The problem: Give all of the data below again exactly, and drop the images.
*** Data block Section Begins ***
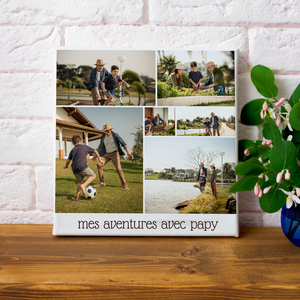 Collage photo souvenir personnalisée "Mes aventures avec Papy" Collage photo souvenir personnalisée "Mes aventures avec Papy"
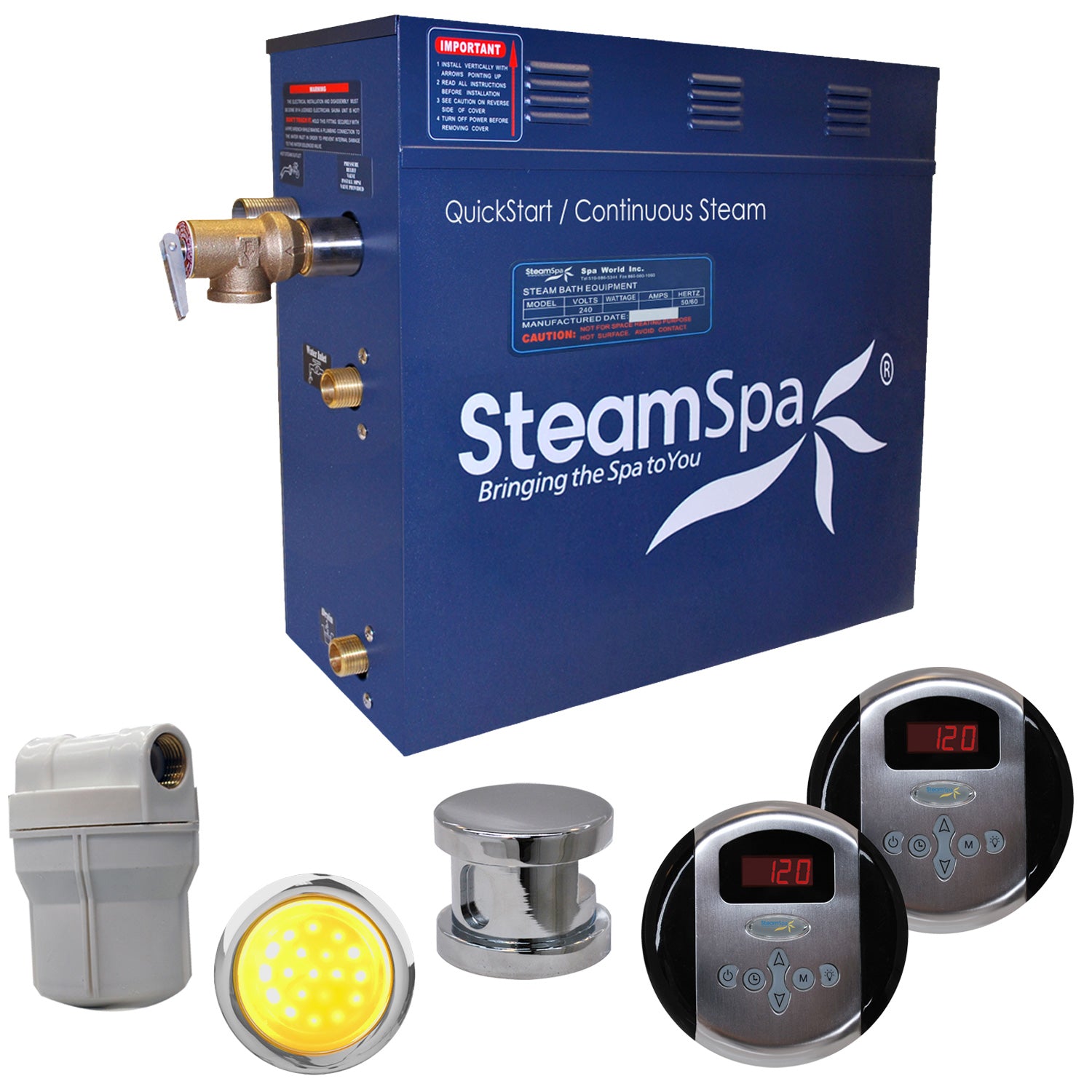 SteamSpa Royal QuickStart Acu-Steam Bath Generator Package SteamSpa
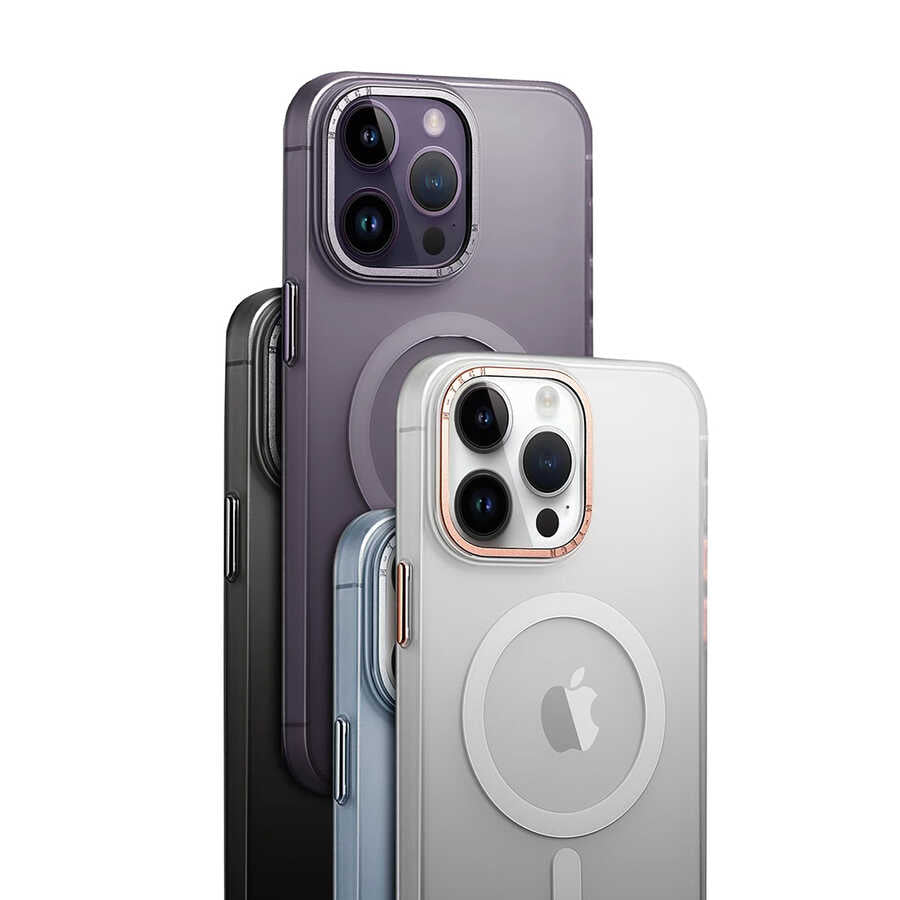 Apple iPhone 14 Pro Max Kılıf M-safe Şarj Özellikli Buzlu Sert PC Zore Tuval Kapak Siyah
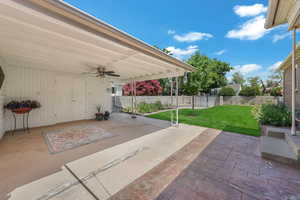 View of covered patio / terrace with ceiling fan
*** Data block Section Ends ***
Task result:
 Collage photo souvenir personnalisée "Mes aventures avec Papy" Collage photo souvenir personnalisée "Mes aventures avec Papy"
 SteamSpa Royal QuickStart Acu-Steam Bath Generator Package SteamSpa
 Apple iPhone 14 Pro Max Kılıf M-safe Şarj Özellikli Buzlu Sert PC Zore Tuval Kapak Siyah
 View of covered patio / terrace with ceiling fan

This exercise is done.